Raw data START

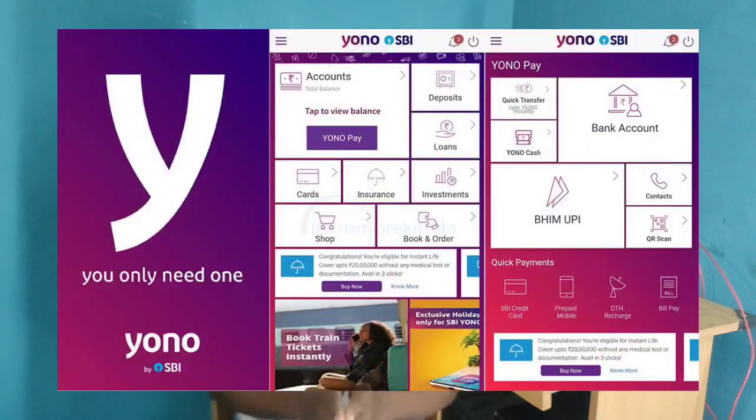You also have to deal with technical issues at the SBI branch. You can uninstall and restart the phone, then install SBI Yono or SBI Yono Lite to resolve the problem.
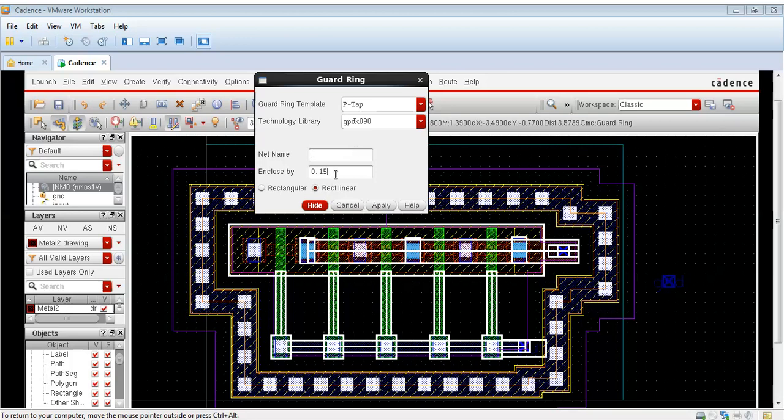Net name is GND ground. Remember this and we can enclose by 0.5. You can vary this enclose by value. You can take it 0.25 or 0.5. At present it is rectilinear. We can draw a rectangular also.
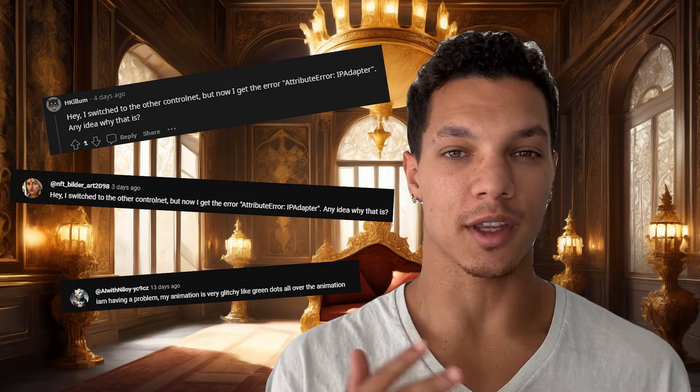Since my last AnimateDiff tutorial within Automatic 11.11, ControlNet underwent an update that actually broke everything I showcased in my previous tutorial. I spent days looking for a fix for this. Myself, as well as many of you, kept getting the attribute error with the IP adapter. Huge shout out to the Reddit user known as Indrema for creating a fix by creating a separate ControlNet and AnimateDiff that work cohesively to prevent these errors from happening.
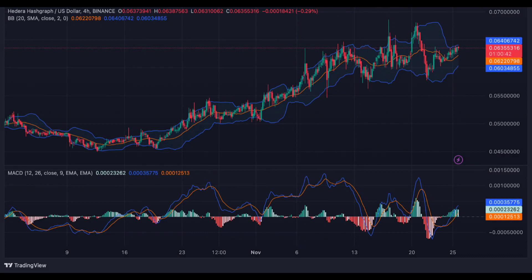On the 4-hour USD price chart, HBAR recovers bullish momentum. The 4-hour chart shows that HBAR/USD has recovered from the bearish pattern. It is important to know that HBAR faces stiff competition from the bears as it aims to move past $0.068. Again, the MACD trend has formed bearish candles below the signal line, and the indicator now attempts to make a bearish reversal, strengthening sellers' positions.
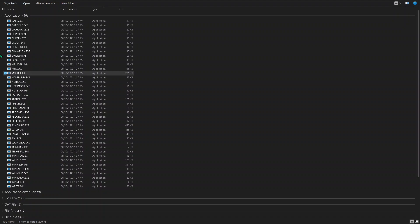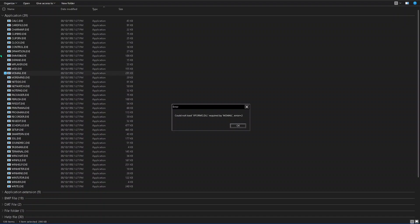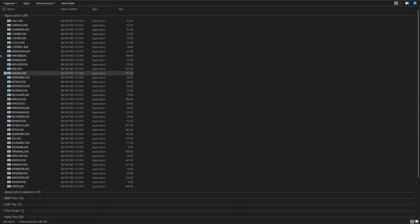msmail.exe, 13 of 139. Error dialog: could not load forms.dll required by msmail, error equals 2. Ok button. Windows items view list, application.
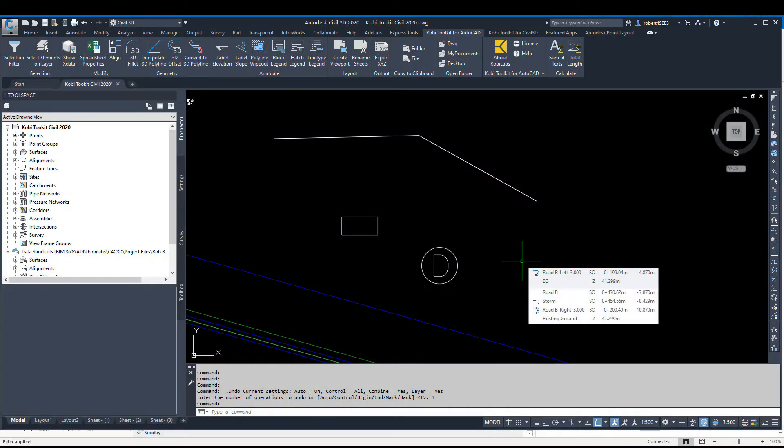Welcome to this short video on the Align command, which is part of the COBE Toolkit for AutoCAD 2021 release.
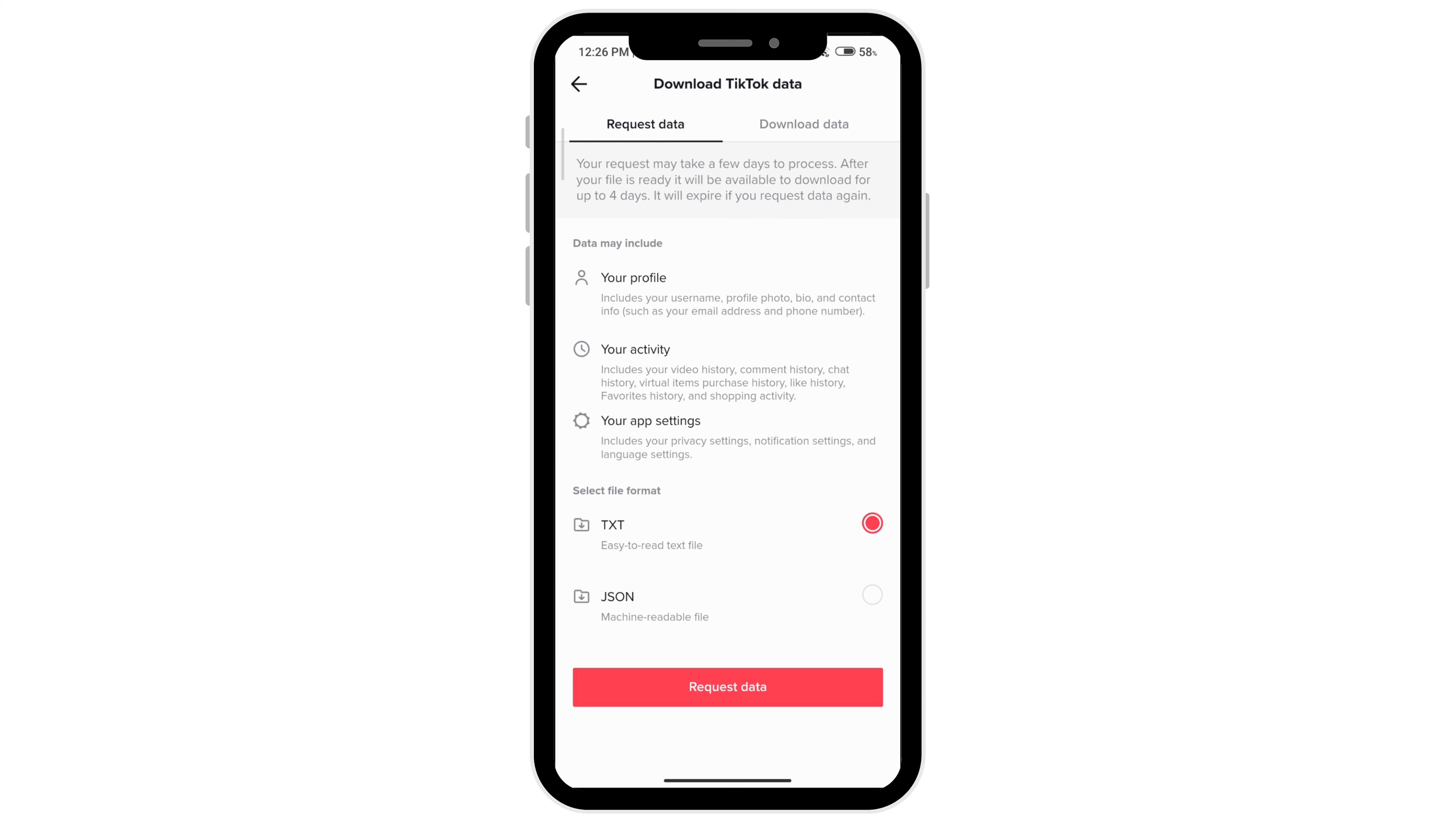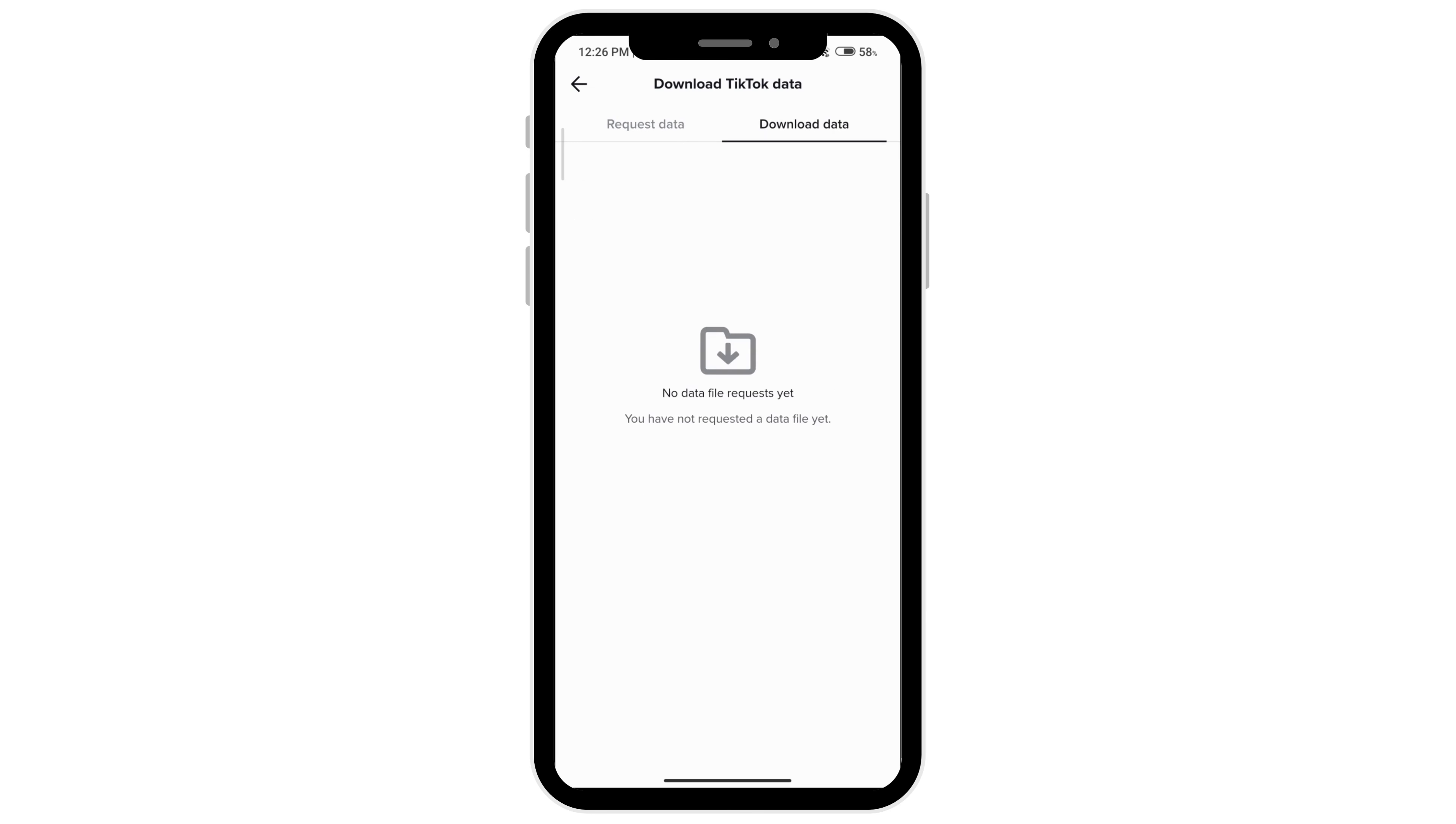Once it's available to you, you'll see the download data option. Click on that and the request will appear here, then you'll be able to download it.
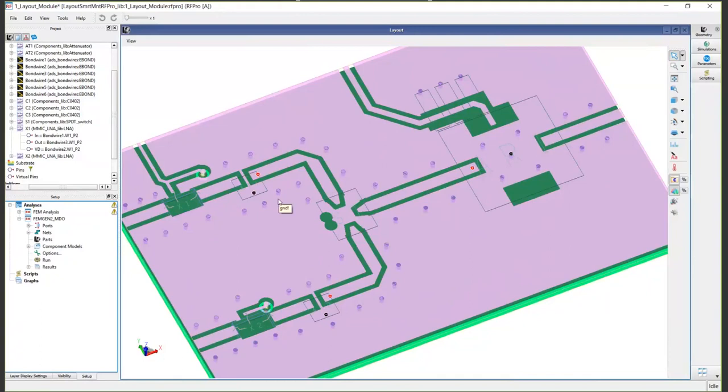And what that enables you to do, whereas the top-level EM simulation of this entire module took over an hour on the grid computer, on my laptop just doing these three nets in this component took six minutes on my laptop.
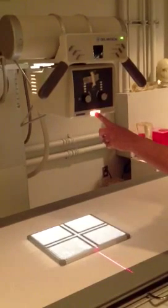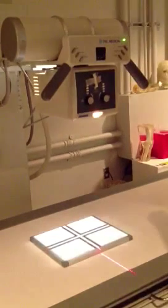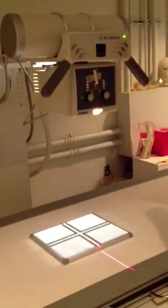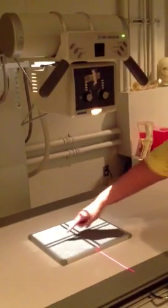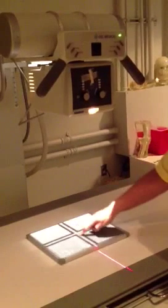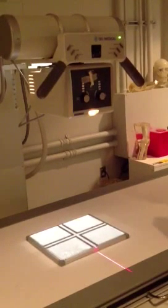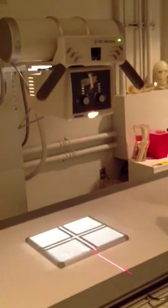So when you hit this button right here, it's going to turn the light on and off. You will also notice that you have crosshairs in here, and that is going to be the center point of your x-ray beam.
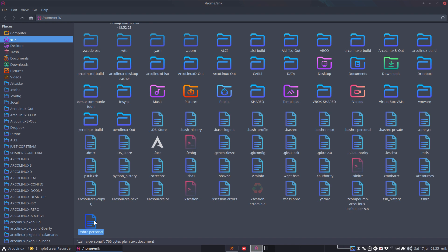So if you say 'I don't want to use paru, I want to use yay,' you're going to change it in the personal file. You can rearrange, change, and add things in the personal file.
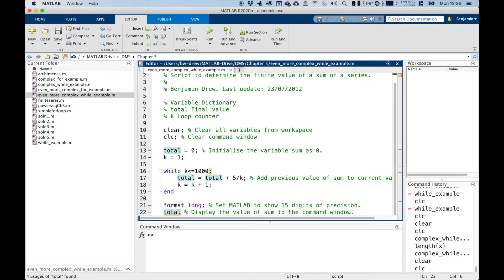We have total equals total plus five over k, just as we had in the for loop. Then k is incremented up automatically by one, by setting k to be itself plus one. We then do format long and display the total.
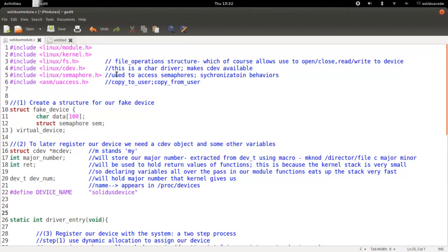Hello YouTube, welcome back to another Linux module programming tutorial. We're still going to continue with our character device driver and continue from where we left off.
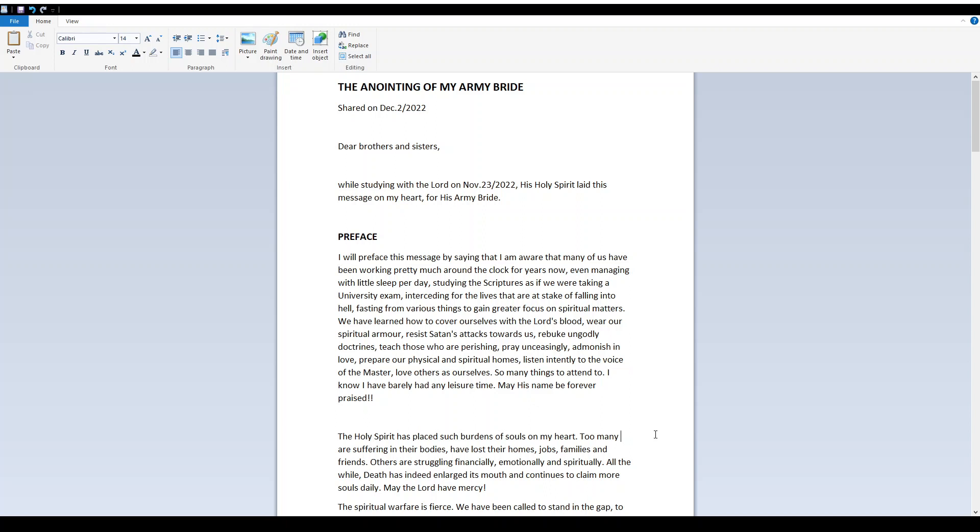The Anointing of My Army Bride, shared on December 2, 2022. Dear brothers and sisters, while studying with the Lord on November 23, 2022, His Holy Spirit laid this message on my heart for His Army Bride.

Raw data END

Exact repeat of the material above: every line from the one with "We have total" through the one with "Hello YouTube, welcome", endpoints included, and nothing more. No pictures.

We have total equals total plus five over k, just as we had in the for loop. Then k is incremented up automatically by one, by setting k to be itself plus one. We then do format long and display the total.
Hello YouTube, welcome back to another Linux module programming tutorial. We're still going to continue with our character device driver and continue from where we left off.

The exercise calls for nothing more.